(Recorded data Opens)

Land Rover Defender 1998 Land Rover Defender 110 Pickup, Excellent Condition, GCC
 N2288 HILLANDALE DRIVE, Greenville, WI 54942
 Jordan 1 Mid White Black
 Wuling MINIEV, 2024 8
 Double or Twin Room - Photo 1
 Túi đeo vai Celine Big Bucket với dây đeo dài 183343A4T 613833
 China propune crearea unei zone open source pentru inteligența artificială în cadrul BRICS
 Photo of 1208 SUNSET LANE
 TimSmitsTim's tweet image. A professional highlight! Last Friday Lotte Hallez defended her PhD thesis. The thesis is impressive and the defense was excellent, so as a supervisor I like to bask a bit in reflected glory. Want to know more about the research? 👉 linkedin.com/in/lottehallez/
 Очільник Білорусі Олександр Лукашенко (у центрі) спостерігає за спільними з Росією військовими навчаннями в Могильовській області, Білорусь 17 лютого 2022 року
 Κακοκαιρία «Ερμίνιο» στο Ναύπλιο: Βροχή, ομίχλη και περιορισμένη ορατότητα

(Recorded data Closes)

Work to complete:
Begin with the line that has "N2288 HILLANDALE DRIVE, Greenville, WI 54942" in the listing above and end after the line that has "Photo of 1208 SUNSET LANE"; output those lines exactly.

Result below:
 N2288 HILLANDALE DRIVE, Greenville, WI 54942
 Jordan 1 Mid White Black
 Wuling MINIEV, 2024 8
 Double or Twin Room - Photo 1
 Túi đeo vai Celine Big Bucket với dây đeo dài 183343A4T 613833
 China propune crearea unei zone open source pentru inteligența artificială în cadrul BRICS
 Photo of 1208 SUNSET LANE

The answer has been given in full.